* [INSTRUCTIONS TO FOLLOW] Pictures aside, reproduce exactly and only the lines from the one containing "MEDIX препарат за" through the end of the records.

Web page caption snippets

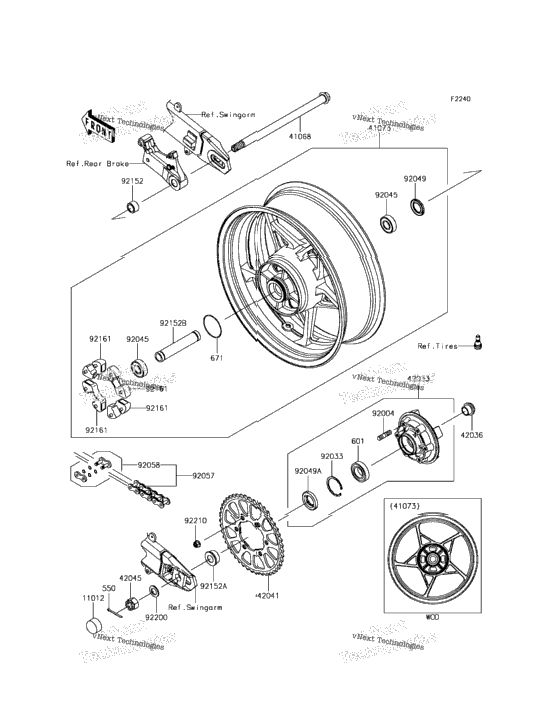 Rear Wheel/Chain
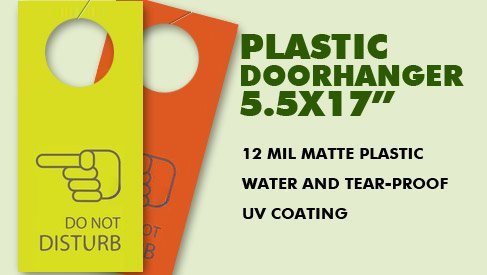 Plastic Doorhanger 5.5x17 inch 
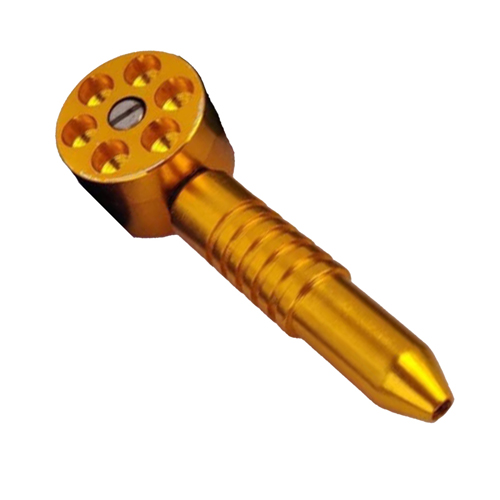 Six Shooter Pipe, ca.12cm, YELLOW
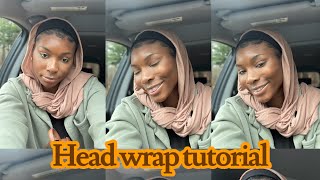 African Head wrap tutorial + soft makeup tutorial 🫶🏾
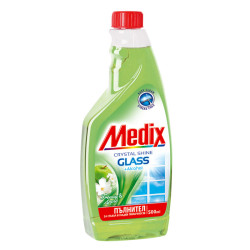 MEDIX препарат за почистване на стъкла, Fresia & apple, Пълнител, 500мл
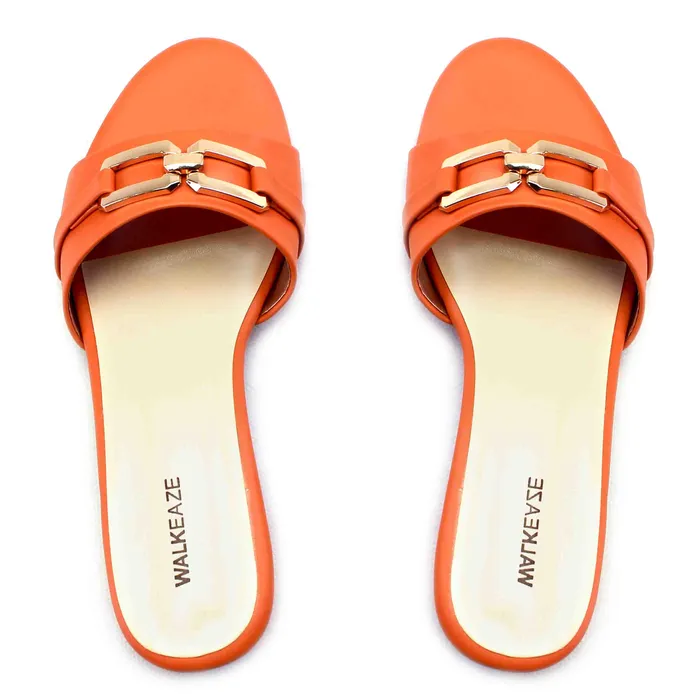 Walkeaze Earrings Women Slippers 73927S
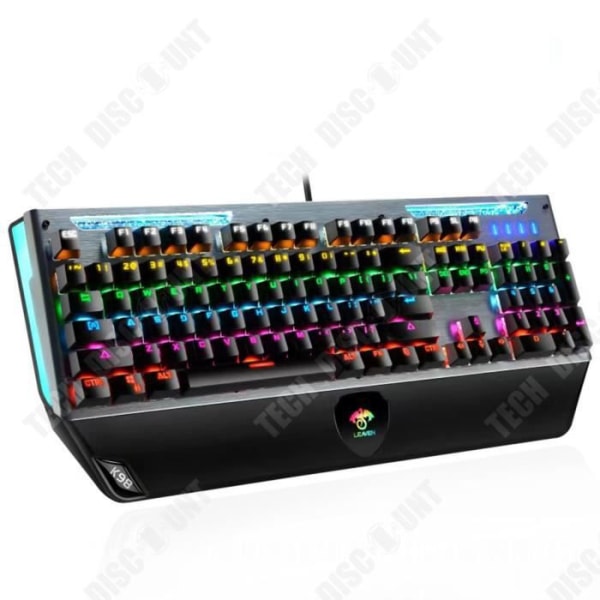 Mechanical keyboard - TD® - 104 keys - Backlit - Wired - Waterproof
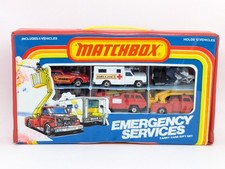 Matchbox Lesney Superfast Emergency Vehicles Carry Case Gift Set 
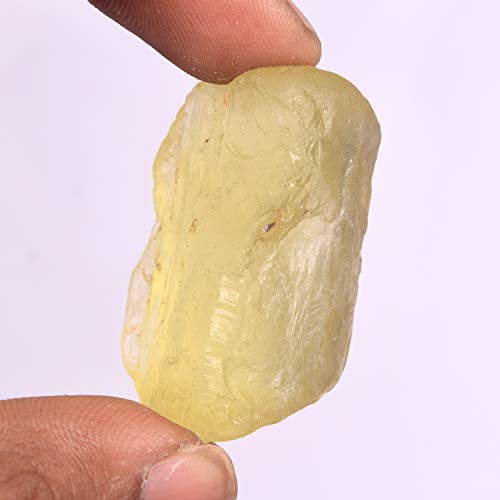REAL-GEMS Natural Lemon Topaz 110.00 Ct Crystal Healing Gemstone Natural Rough Specimen or Wrapping Stone2
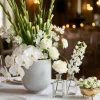 6in Tall Glazed Ceramic Pedestal Vase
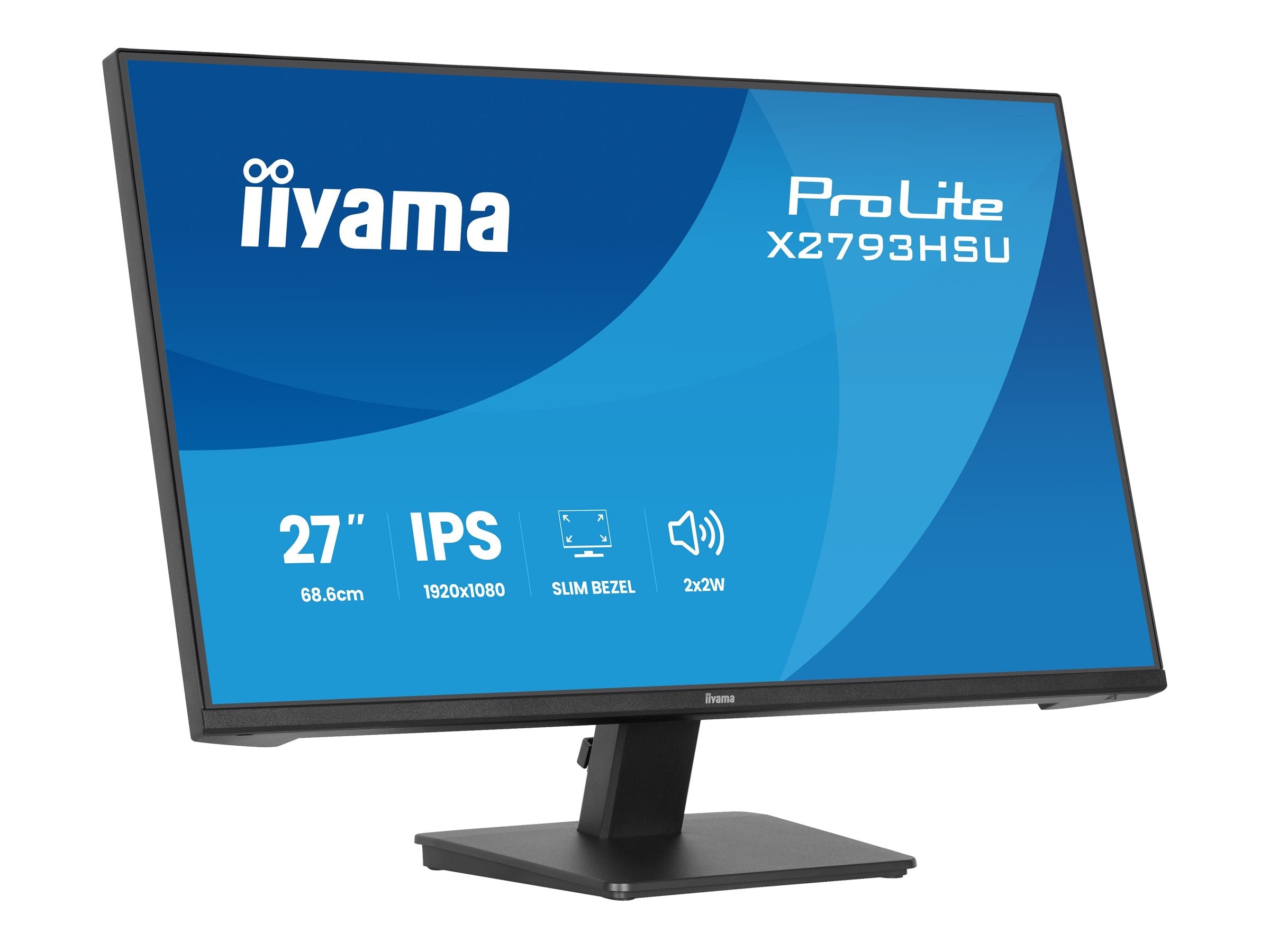 IIYAMA X2793HSU-B1 Monitor Rückansicht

* [WRITTEN SOLUTION]
 MEDIX препарат за почистване на стъкла, Fresia & apple, Пълнител, 500мл
 Walkeaze Earrings Women Slippers 73927S
 Mechanical keyboard - TD® - 104 keys - Backlit - Wired - Waterproof
 Matchbox Lesney Superfast Emergency Vehicles Carry Case Gift Set 
REAL-GEMS Natural Lemon Topaz 110.00 Ct Crystal Healing Gemstone Natural Rough Specimen or Wrapping Stone2
 6in Tall Glazed Ceramic Pedestal Vase
 IIYAMA X2793HSU-B1 Monitor Rückansicht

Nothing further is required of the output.